=== SOURCE DATA ===

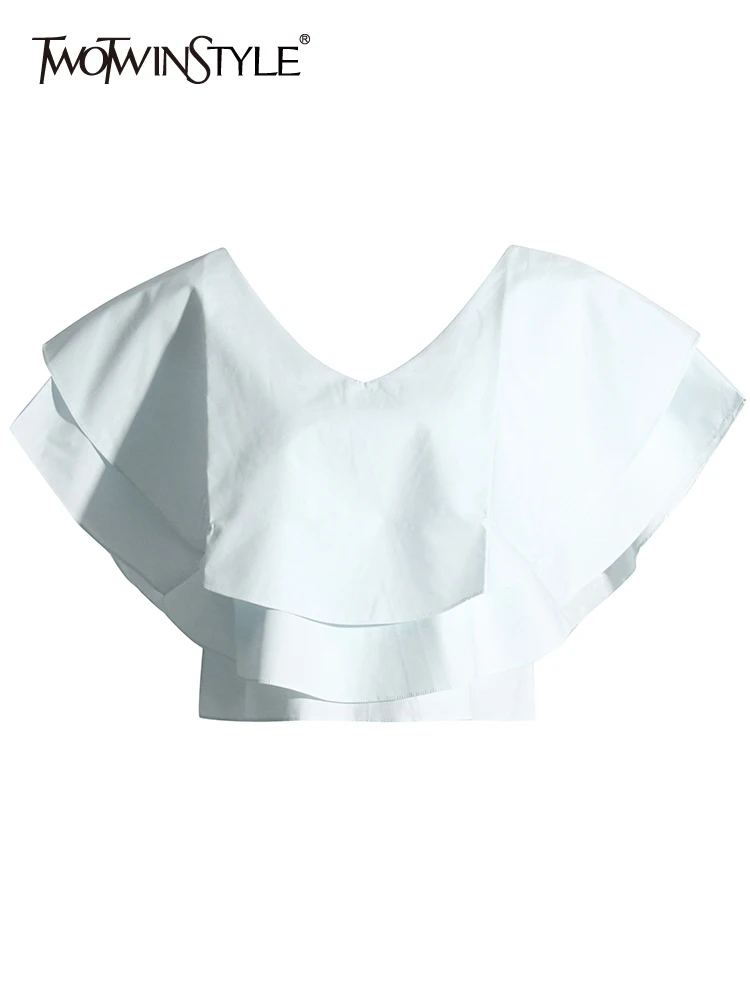 TWOTWINSTYLE Solid Off Shoulder Shirt For Women Slash Neck Short Sleeve Ruffle Trim Minimalsit Loose Blouses Female Clothes New
TWOTWINSTYLE Solid Off Shoulder Shirt For Women Slash Neck Short Sleeve Ruffle Trim Minimalsit Loose Blouses Female Clothes New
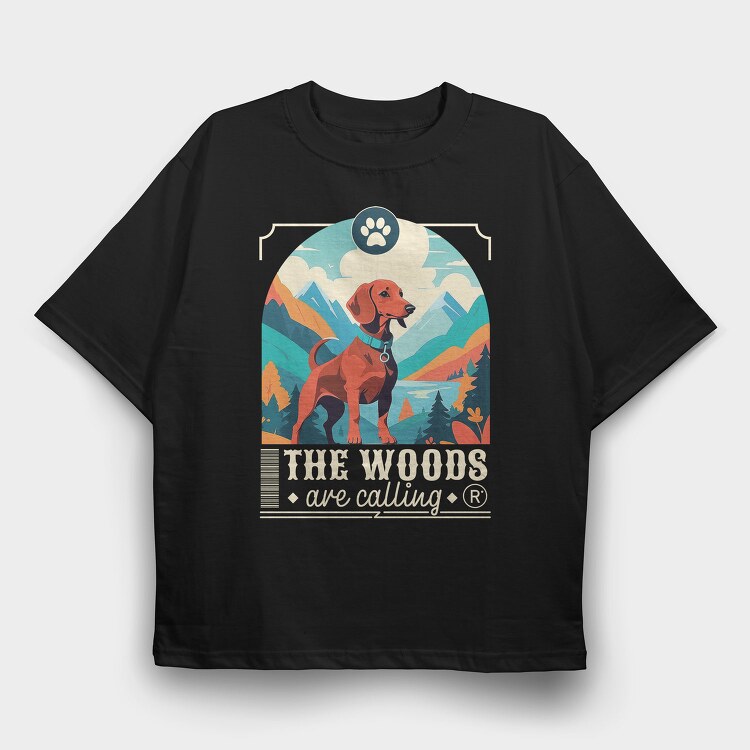 Dog In The Woods Hiking, Tricou Oversize Barbati (Unisex)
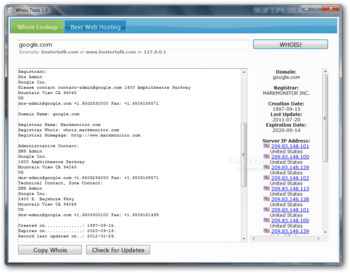 Whois Tools screenshot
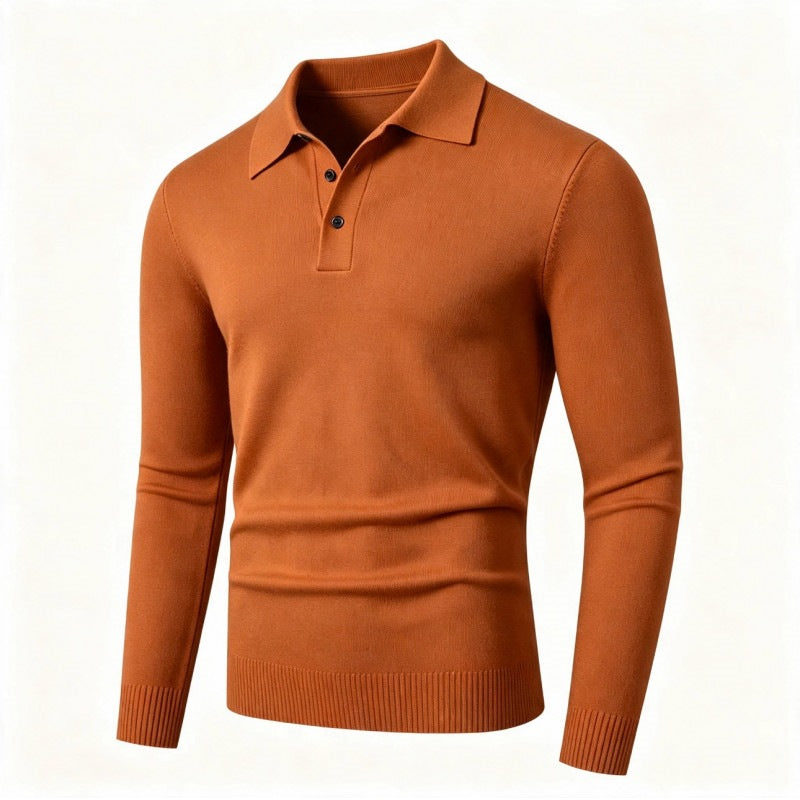 Herren Feinstrick-Poloshirt mit langem Arm und Dreiknopfleiste Nord Taschen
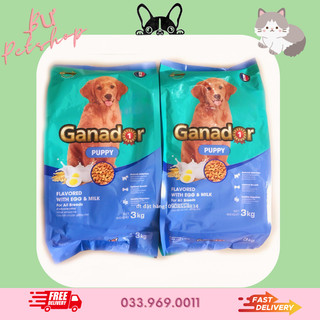 Thức ăn hạt cho chó con ganador vị trứng & sữa - 3kg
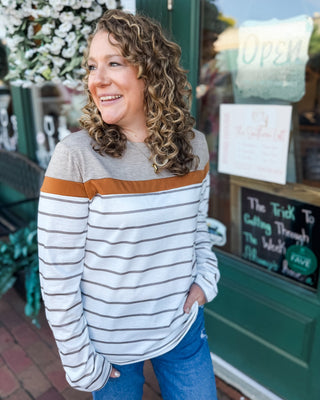 Sweet Charmer Striped Colorblock Top - The Southern Loft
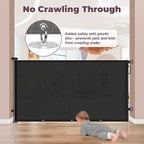 42" Extra Tall Retractable Baby Gates, 76" Wide Dog Gate for Stairs | Mesh Gate Indoor Outdoor for Doorways Deck Kitchen, Long Safety Gate for Child Toddler, Prevent Pet from Jumping Over, Black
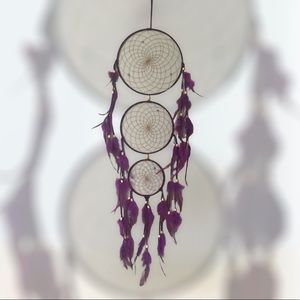 Large purple feathered dream catcher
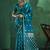Teal blue satin silk blend saree with gold zari buti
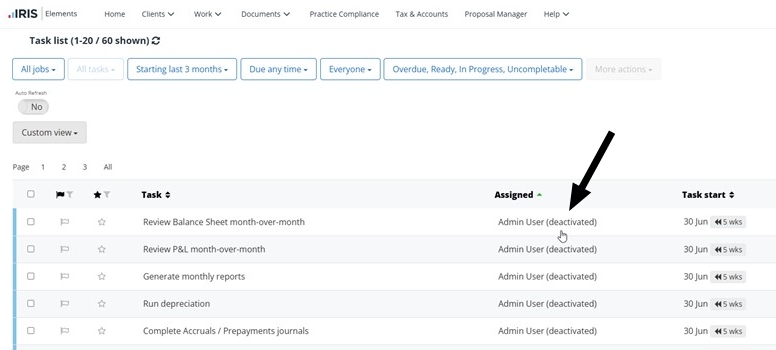 screenshot of the task list showing some users with deactivated after user name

===

== TASK TO CARRY OUT ==
Word for word, repeat the data above with the pictures left out.

== OUTPUT FOR THIS TASK ==
 TWOTWINSTYLE Solid Off Shoulder Shirt For Women Slash Neck Short Sleeve Ruffle Trim Minimalsit Loose Blouses Female Clothes New
TWOTWINSTYLE Solid Off Shoulder Shirt For Women Slash Neck Short Sleeve Ruffle Trim Minimalsit Loose Blouses Female Clothes New
 Dog In The Woods Hiking, Tricou Oversize Barbati (Unisex)
 Whois Tools screenshot
 Herren Feinstrick-Poloshirt mit langem Arm und Dreiknopfleiste Nord Taschen
 Thức ăn hạt cho chó con ganador vị trứng & sữa - 3kg
 Sweet Charmer Striped Colorblock Top - The Southern Loft
 42" Extra Tall Retractable Baby Gates, 76" Wide Dog Gate for Stairs | Mesh Gate Indoor Outdoor for Doorways Deck Kitchen, Long Safety Gate for Child Toddler, Prevent Pet from Jumping Over, Black
 Large purple feathered dream catcher
Teal blue satin silk blend saree with gold zari buti
 screenshot of the task list showing some users with deactivated after user name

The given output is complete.